### Assignment
Exact repetition of every entry is required.

= = = = = = =

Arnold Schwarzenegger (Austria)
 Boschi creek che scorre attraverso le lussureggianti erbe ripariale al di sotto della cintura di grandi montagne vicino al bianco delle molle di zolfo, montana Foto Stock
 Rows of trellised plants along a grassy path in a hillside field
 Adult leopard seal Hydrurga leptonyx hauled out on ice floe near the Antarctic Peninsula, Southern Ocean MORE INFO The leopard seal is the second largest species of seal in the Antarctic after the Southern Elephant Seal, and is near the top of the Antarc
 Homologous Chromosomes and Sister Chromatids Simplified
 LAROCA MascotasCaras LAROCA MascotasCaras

= = = = = = =

### Result of this exercise
Arnold Schwarzenegger (Austria)
 Boschi creek che scorre attraverso le lussureggianti erbe ripariale al di sotto della cintura di grandi montagne vicino al bianco delle molle di zolfo, montana Foto Stock
 Rows of trellised plants along a grassy path in a hillside field
 Adult leopard seal Hydrurga leptonyx hauled out on ice floe near the Antarctic Peninsula, Southern Ocean MORE INFO The leopard seal is the second largest species of seal in the Antarctic after the Southern Elephant Seal, and is near the top of the Antarc
 Homologous Chromosomes and Sister Chromatids Simplified
 LAROCA MascotasCaras LAROCA MascotasCaras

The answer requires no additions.